Sometimes, an unsupervised learning technique is preferred. Perhaps you do not have access to adequate training data, or perhaps the training data's labels are not completely clear. Maybe you just want to quickly sort real-world, unseen, data into groups based on its feature similarity.

In such cases, clustering is a great option!

Download an audio file:

In [2]:
filename = '125_bounce.wav'
urllib.urlretrieve('http://audio.musicinformationretrieval.com/' + filename,
                   filename=filename)
Out[2]:
('125_bounce.wav', <httplib.HTTPMessage instance at 0x1138a6c20>)

Play the audio file:

In [3]:
IPython.display.Audio(filename)
Out[3]:

Load the audio file into an array.

In [4]:
x, fs = librosa.load(filename)
print fs
22050

Plot audio signal:

In [5]:
librosa.display.waveplot(x, fs)
Out[5]:
<matplotlib.collections.PolyCollection at 0x115623690>

Onset Detection

Detect onsets:

In [6]:
onset_frames = librosa.onset.onset_detect(x, sr=fs, delta=0.04, wait=4)
onset_times = librosa.frames_to_time(onset_frames, sr=fs)
onset_samples = librosa.frames_to_samples(onset_frames)

Listen to detected onsets:

In [7]:
x_with_beeps = mir_eval.sonify.clicks(onset_times, fs, length=len(x))
IPython.display.Audio(x + x_with_beeps, rate=fs)
Out[7]:

Feature Extraction

Let's compute the zero crossing rate and energy for each detected onset.

Plot the zero crossing rate:

In [8]:
def extract_features(x, fs):
    zcr = librosa.zero_crossings(x).sum()
    energy = scipy.linalg.norm(x)
    return [zcr, energy]
In [9]:
frame_sz = fs*0.090
features = numpy.array([extract_features(x[i:i+frame_sz], fs) for i in onset_samples])
print features.shape
(36, 2)

Feature Scaling

Scale the features (using the scale function) from -1 to 1.

In [10]:
min_max_scaler = sklearn.preprocessing.MinMaxScaler(feature_range=(-1, 1))
features_scaled = min_max_scaler.fit_transform(features)
print features_scaled.shape
print features_scaled.min(axis=0)
print features_scaled.max(axis=0)
(36, 2)
[-1. -1.]
[ 1.  1.]

Plot the features.

In [11]:
plt.scatter(features_scaled[:,0], features_scaled[:,1])
plt.xlabel('Zero Crossing Rate (scaled)')
plt.ylabel('Spectral Centroid (scaled)')
Out[11]:
<matplotlib.text.Text at 0x115603410>

Using K-Means

Time to cluster!
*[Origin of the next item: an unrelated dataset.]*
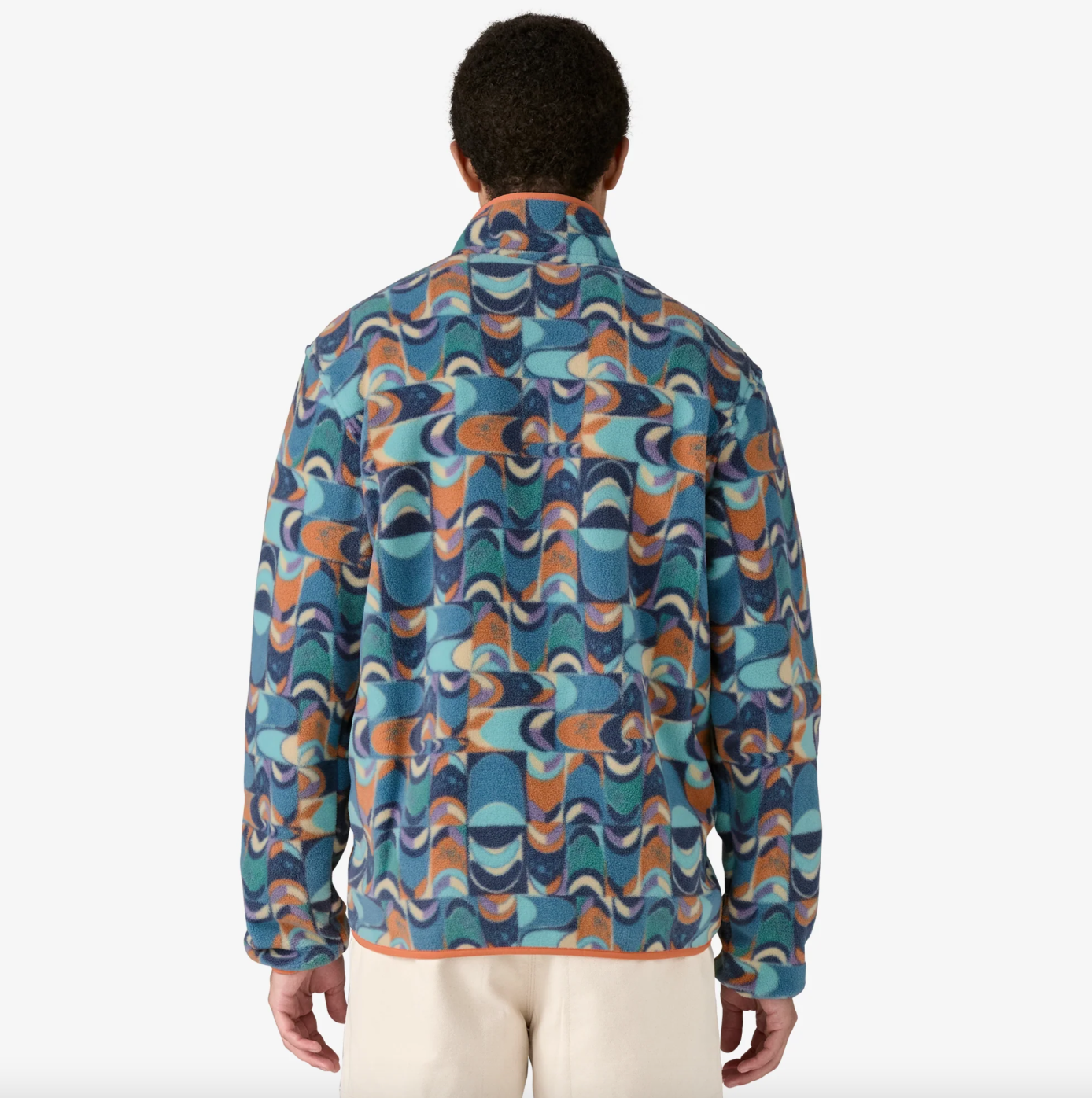 Patagonia Men's Lightweight Synch Snap-T Pullover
Let's initialize the algorithm to find three clusters.

In [12]:
model = sklearn.cluster.KMeans(n_clusters=2)
labels = model.fit_predict(features_scaled)
print labels
[0 0 1 1 1 0 1 0 1 1 0 1 1 1 1 0 1 0 1 1 0 1 1 1 1 0 1 0 1 0 1 1 1 1 0 0]

Plot the results.

In [13]:
plt.scatter(features_scaled[labels==0,0], features_scaled[labels==0,1], c='b')
plt.scatter(features_scaled[labels==1,0], features_scaled[labels==1,1], c='r')
plt.xlabel('Zero Crossing Rate (scaled)')
plt.ylabel('Energy (scaled)')
plt.legend(('Class 0', 'Class 1'))
Out[13]:
<matplotlib.legend.Legend at 0x115c3ded0>

Listen to onsets assigned to Class 0:

In [14]:
x_with_beeps = mir_eval.sonify.clicks(onset_times[labels==0], fs, length=len(x))
IPython.display.Audio(x + x_with_beeps, rate=fs)
Out[14]:

Class 1:

In [15]:
x_with_beeps = mir_eval.sonify.clicks(onset_times[labels==1], fs, length=len(x))
IPython.display.Audio(x + x_with_beeps, rate=fs)
Out[15]:

Affinity Propagation

In scikit-learn, other clustering algorithms such as affinity propagation can cluster without defining the number of clusters beforehand.

All we need to do is swap out KMeans for AffinityPropagation:

In [16]:
model = sklearn.cluster.AffinityPropagation()
labels = model.fit_predict(features_scaled)
print labels
[0 0 2 1 2 0 1 0 2 2 0 1 2 1 2 0 1 0 2 2 0 1 2 1 2 0 1 0 2 0 2 1 2 2 0 0]

Plot features:

In [17]:
plt.scatter(features_scaled[labels==0,0], features_scaled[labels==0,1], c='b')
plt.scatter(features_scaled[labels==1,0], features_scaled[labels==1,1], c='r')
plt.scatter(features_scaled[labels==2,0], features_scaled[labels==2,1], c='y')
plt.xlabel('Zero Crossing Rate (scaled)')
plt.ylabel('Energy (scaled)')
plt.legend(('Class 0', 'Class 1', 'Class 2'))
Out[17]:
<matplotlib.legend.Legend at 0x115c81590>

Play a beep upon each frame in the same cluster:

Class 0:

In [18]:
x_with_beeps = mir_eval.sonify.clicks(onset_times[labels==0], fs, length=len(x))
IPython.display.Audio(x + x_with_beeps, rate=fs)
Out[18]:

Class 1:

In [19]:
x_with_beeps = mir_eval.sonify.clicks(onset_times[labels==1], fs, length=len(x))
IPython.display.Audio(x + x_with_beeps, rate=fs)
Out[19]:

Class 2:

In [20]:
x_with_beeps = mir_eval.sonify.clicks(onset_times[labels==2], fs, length=len(x))
IPython.display.Audio(x + x_with_beeps, rate=fs)
Out[20]: